Kisumu envoyé spécial
Il ne reste que la tête, l'arête et la queue. Un peu de chair rose aussi, dont les éclats volent au visage de Pauline Ochien'g. «Il m'en faut deux cents», crie-t-elle. Tôt ce matin, Pauline est venue remplir sa charrette de restes de perches du Nil jetés d'un camion passablement réfrigéré de l'usine de transformation de poisson de la ville.
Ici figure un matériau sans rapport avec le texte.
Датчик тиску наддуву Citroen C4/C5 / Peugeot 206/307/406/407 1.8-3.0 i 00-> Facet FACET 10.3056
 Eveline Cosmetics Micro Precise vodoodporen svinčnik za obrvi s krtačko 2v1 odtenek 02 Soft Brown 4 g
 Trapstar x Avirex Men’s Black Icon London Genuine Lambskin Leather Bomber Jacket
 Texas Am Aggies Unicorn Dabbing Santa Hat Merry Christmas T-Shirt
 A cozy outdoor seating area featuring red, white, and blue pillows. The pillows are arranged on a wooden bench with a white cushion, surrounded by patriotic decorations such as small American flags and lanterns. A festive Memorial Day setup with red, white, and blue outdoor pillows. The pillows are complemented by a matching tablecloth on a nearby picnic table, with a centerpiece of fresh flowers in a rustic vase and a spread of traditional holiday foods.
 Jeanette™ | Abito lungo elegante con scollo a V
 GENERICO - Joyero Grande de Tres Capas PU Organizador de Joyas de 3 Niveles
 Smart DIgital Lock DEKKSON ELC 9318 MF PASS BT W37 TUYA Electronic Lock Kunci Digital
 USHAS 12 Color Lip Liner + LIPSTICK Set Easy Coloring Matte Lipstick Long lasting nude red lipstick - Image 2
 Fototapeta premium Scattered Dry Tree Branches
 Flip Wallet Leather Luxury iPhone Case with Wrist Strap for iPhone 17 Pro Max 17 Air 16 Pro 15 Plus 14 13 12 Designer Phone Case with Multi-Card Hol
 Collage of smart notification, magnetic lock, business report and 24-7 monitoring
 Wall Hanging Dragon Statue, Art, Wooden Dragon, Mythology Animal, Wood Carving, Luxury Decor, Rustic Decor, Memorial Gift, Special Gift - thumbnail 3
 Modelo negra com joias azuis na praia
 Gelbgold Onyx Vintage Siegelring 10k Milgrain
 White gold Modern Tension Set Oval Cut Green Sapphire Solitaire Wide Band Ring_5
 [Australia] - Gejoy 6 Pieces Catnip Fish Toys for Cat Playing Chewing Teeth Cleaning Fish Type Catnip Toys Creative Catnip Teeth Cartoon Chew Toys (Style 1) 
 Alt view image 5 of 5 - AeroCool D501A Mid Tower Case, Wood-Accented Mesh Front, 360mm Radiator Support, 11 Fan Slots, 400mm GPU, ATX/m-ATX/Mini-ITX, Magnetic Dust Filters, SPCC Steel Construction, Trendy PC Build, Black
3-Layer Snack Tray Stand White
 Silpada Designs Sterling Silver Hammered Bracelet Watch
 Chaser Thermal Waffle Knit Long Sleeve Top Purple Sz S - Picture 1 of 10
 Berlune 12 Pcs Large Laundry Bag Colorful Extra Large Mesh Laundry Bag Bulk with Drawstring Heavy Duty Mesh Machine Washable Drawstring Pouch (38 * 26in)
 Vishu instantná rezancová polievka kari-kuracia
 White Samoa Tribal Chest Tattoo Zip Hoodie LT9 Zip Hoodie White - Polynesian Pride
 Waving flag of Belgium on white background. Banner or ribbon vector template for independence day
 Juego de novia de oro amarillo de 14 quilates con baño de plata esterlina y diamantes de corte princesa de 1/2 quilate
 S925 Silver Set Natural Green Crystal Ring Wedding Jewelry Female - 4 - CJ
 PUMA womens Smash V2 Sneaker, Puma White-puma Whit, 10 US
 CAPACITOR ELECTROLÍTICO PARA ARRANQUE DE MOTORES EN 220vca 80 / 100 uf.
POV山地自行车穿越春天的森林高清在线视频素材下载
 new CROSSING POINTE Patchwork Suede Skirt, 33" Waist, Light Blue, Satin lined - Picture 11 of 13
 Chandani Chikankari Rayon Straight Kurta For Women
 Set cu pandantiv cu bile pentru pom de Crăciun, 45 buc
Avec les dizaines d'autres membres de sa communauté des «sécheurs de poissons d'Obunga», un bidonville planté en bord de la zone industrielle de Kisumu, Pauline va passer sa journée à sécher, découper et frire des squelettes de perches pour les vendre en bord de route, cinq ou six centimes d'euro pièce, à d'autres miséreux n'ayant pas les moyens de se payer les filets destinés à l'exportation. «C'est dommage que, après dix ans d'école, je sois réduite à faire ce travail, estime Karen Onyango, une de ses voisines. Mais c'est très rentable. Ça nourrit bien nos familles.»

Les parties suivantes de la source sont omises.